Albert Ten Eyck Olmstead
they show us the break up of the empire as we never should have suspected from the grandiloquent accounts of the monarchs themselves. Even the business documents occasionally yield us a slight help toward criticism. Add to this the references in foreign sources such as Hebrew or Babylonian, and we hardly need internal study to convince us that the annals are far from reliable.
Yet even internal evidence may be utilized. For example, when the king is said to have been the same year in two widely separated parts of the empire, warring with the natives, it is clear that in one of these the deeds of a general have been falsely ascribed to the king, and the suspicion is raised that he may have been at home in Assyria all the time. That there are many such false attributions to the king is proved by much other evidence, the letters from the generals in command to their ruler; an occasional reference to outside authorities, as when the editor of the book of Isaiah shows that the famous Ashdod expedition was actually led by the Turtanu or prime minister; or such a document as the dream of Ashur bani apal, which clearly shows that he was a frightened degenerate who had not the stamina to take his place in the field with the generals whose victories he usurped. Again, various versions differ among themselves. To what a degree this is true, only those who have made a detailed study of the documents can appreciate. Typical examples from Sargon's Annals were pointed out several years ago. [Footnote: Olmstead. _Western Asia in the Reign of Sargon of Assyria_, 1908.] The most striking of these, the murder of the Armenian king Rusash by--the cold blooded Assyrian scribe,--has now been clearly proved false by a contemporaneous document emanating from Sargon himself. Another good illustration is found in the cool taking by Ashur bani apal of bit after bit of the last two Egyptian campaigns of his father until in the final edition there is nothing that he has not claimed for himself.

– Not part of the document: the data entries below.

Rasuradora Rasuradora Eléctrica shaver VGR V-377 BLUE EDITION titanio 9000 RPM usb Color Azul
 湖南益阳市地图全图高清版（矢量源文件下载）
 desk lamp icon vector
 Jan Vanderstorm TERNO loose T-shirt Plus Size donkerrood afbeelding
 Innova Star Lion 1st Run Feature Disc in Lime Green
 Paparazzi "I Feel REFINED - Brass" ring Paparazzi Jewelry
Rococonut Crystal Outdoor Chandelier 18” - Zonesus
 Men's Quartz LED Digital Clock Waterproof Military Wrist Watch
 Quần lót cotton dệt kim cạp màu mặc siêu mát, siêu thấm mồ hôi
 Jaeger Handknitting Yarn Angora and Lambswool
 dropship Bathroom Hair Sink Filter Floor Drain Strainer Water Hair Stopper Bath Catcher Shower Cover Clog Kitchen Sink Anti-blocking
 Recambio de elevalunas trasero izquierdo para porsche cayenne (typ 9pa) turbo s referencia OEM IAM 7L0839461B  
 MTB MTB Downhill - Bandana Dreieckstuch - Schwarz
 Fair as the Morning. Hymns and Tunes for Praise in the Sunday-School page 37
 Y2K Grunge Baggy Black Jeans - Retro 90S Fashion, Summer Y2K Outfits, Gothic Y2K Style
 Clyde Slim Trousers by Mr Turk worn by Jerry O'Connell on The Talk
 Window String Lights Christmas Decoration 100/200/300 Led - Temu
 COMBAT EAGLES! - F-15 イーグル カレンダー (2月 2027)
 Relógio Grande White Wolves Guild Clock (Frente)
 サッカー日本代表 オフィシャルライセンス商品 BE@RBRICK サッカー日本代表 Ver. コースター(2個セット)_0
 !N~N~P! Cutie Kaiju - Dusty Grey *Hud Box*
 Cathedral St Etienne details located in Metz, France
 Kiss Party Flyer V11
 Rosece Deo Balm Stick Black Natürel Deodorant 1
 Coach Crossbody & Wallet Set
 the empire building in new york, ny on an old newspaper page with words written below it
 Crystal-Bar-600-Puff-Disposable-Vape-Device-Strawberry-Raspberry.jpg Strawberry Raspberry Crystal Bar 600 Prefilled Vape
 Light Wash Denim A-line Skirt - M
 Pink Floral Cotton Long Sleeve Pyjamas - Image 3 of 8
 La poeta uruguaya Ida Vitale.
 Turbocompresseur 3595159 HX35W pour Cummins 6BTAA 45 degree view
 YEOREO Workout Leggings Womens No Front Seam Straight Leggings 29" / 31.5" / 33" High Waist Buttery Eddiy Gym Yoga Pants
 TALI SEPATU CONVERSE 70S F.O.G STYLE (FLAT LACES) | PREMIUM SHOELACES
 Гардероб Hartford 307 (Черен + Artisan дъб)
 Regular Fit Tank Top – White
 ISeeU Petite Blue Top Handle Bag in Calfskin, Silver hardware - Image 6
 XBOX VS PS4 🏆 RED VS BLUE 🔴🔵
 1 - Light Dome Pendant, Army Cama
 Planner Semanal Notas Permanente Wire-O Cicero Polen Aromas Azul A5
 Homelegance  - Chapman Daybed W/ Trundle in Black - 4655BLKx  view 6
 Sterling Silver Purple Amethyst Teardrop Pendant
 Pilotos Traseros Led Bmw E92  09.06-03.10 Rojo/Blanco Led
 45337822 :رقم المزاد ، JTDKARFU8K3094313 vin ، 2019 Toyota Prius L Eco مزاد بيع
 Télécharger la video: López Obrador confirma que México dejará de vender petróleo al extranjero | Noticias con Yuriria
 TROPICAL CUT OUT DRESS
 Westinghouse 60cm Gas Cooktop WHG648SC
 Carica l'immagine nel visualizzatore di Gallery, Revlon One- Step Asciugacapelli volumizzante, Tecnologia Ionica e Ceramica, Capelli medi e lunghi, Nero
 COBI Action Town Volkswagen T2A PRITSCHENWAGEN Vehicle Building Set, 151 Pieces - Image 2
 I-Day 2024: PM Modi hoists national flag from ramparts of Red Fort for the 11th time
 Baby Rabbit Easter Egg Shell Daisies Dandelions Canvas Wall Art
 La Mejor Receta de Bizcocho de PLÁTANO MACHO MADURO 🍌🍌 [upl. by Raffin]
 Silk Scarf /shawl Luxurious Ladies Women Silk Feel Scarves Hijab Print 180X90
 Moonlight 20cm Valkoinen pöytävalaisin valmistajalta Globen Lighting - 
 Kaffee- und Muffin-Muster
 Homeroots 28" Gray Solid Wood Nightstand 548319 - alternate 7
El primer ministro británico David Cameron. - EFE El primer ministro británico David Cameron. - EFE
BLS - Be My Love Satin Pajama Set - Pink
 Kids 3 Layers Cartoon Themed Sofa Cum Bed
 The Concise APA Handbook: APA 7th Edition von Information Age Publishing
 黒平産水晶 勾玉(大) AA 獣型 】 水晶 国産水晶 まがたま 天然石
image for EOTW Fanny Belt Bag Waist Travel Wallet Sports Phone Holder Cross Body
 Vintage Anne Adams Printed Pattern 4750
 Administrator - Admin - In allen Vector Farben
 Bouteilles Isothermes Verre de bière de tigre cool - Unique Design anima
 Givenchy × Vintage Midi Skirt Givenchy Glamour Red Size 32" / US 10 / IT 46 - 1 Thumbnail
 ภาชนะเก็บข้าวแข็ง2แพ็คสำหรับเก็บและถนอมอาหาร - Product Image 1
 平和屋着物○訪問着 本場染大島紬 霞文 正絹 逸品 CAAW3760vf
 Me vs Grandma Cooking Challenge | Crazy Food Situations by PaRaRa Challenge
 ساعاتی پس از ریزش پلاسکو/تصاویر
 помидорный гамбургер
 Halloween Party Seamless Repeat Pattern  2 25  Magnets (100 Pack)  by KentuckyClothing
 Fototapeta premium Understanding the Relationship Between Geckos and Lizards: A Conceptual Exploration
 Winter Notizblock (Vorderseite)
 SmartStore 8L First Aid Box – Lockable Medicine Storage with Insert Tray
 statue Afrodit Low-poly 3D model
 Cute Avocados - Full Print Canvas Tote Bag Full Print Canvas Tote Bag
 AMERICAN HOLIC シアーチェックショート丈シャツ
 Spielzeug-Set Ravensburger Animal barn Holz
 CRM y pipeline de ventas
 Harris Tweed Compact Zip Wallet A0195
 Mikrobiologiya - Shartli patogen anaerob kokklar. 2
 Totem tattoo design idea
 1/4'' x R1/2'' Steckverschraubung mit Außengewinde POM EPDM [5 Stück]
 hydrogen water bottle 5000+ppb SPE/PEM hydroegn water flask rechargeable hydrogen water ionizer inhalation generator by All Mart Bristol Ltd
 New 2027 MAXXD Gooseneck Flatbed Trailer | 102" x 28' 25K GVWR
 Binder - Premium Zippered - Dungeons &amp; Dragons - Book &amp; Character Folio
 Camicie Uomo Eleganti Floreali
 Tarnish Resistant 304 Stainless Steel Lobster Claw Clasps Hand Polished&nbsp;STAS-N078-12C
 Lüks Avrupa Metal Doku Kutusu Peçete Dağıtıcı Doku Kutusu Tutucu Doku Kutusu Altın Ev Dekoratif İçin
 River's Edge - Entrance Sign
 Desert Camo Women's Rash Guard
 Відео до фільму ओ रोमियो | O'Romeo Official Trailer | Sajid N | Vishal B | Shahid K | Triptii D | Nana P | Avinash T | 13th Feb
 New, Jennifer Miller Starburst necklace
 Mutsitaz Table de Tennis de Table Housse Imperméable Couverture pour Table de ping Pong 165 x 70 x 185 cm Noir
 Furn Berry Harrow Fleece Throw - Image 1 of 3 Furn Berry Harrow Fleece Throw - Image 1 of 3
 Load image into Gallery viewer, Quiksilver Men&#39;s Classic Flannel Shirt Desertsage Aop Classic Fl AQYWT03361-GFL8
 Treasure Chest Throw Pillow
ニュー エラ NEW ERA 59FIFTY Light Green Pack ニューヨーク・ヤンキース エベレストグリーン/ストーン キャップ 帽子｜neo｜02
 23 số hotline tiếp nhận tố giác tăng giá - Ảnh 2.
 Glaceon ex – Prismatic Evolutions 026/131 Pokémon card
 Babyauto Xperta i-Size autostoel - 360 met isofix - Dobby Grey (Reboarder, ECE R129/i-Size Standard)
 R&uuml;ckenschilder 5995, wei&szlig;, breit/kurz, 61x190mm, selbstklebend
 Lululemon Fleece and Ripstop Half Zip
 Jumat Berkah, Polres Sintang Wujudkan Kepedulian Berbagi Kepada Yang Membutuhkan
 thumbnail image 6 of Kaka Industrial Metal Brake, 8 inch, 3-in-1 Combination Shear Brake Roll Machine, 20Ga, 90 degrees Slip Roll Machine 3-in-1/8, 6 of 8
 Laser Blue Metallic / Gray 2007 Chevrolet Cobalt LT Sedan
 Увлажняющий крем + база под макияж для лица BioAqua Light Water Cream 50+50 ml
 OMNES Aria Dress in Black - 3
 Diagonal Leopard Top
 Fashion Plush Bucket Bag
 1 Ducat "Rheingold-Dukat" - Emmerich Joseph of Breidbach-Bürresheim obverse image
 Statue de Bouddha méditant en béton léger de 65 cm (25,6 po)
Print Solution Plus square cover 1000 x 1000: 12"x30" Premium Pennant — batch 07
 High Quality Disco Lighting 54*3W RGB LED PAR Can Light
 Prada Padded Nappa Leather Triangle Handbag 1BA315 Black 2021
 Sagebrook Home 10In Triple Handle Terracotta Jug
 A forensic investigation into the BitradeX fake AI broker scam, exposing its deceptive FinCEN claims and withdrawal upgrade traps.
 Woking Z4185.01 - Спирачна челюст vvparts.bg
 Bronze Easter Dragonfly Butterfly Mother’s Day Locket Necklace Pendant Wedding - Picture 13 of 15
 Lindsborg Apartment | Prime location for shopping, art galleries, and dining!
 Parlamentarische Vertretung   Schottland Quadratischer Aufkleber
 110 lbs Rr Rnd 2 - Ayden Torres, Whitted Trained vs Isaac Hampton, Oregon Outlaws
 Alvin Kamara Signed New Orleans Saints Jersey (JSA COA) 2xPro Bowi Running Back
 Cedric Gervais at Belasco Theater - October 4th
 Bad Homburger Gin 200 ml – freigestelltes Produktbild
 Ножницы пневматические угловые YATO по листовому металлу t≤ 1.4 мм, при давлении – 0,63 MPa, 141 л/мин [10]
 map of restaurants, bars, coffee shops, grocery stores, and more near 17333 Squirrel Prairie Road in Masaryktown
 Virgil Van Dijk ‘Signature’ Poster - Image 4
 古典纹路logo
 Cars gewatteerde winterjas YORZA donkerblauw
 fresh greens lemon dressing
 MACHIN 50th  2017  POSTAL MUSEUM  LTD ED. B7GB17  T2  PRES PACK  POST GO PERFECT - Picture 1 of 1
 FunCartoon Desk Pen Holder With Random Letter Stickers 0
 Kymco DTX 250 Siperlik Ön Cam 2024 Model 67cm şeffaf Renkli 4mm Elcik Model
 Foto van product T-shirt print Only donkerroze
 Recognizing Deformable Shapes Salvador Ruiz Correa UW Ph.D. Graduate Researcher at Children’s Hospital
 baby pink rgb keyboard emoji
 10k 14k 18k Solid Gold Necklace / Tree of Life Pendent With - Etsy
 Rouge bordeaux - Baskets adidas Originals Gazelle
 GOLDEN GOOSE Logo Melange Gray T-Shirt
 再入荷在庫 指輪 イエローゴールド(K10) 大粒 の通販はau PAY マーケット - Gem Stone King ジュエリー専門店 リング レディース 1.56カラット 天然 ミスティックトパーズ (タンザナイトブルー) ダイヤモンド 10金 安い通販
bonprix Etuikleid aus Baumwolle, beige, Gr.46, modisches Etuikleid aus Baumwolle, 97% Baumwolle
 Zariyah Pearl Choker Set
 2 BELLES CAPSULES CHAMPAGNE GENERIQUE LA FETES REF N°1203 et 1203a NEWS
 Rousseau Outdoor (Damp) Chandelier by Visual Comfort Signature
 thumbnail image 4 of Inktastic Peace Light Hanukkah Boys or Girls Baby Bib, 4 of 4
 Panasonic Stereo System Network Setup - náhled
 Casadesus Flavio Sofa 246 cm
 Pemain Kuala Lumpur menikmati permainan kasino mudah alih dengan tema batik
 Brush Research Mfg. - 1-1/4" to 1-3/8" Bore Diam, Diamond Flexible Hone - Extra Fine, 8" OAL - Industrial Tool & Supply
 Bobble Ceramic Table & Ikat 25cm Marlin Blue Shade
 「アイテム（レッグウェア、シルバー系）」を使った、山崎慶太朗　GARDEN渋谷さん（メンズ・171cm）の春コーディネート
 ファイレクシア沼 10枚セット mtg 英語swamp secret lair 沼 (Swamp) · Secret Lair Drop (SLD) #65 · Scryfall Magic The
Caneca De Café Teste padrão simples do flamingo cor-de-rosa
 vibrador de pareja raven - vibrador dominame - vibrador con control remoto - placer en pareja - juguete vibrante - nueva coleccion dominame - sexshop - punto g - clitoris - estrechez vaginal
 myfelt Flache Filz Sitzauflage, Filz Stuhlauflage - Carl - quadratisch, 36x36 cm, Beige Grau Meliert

The Assyrians, as their business documents show, could be exceedingly exact with numbers. But this exactness did not extend to their historical inscriptions. We could forgive them for giving us in round numbers the total of enemies slain or of booty carried off and even a slight exaggeration would be pardonable. But what shall we say as to the accuracy of numbers in our documents when one edition gives the total slain in a battle as 14,000, another as 20,500, the next as 25,000, and the last as 29,000! Is it surprising that we begin to wonder whether the victory was only a victory on the clay tablet of the scribe? What shall we say when we find that the reviser has transformed a booty of 1,235 sheep in his original into a booty of 100,225! This last procedure, the addition of a huge round number to the fairly small amount of the original, is a common trick of the Sargonide scribe, of which many examples may be detected by a comparison of Sargon's Display inscription with its original, the Annals. So when Sennacherib tells us that he took from little Judah no less than 200,150 prisoners, and that in spite of the fact that Jerusalem itself was not captured, we may deduct the 200,000 as a product of the exuberant fancy of the Assyrian scribe and accept the 150 as somewhere near the actual number captured and carried off.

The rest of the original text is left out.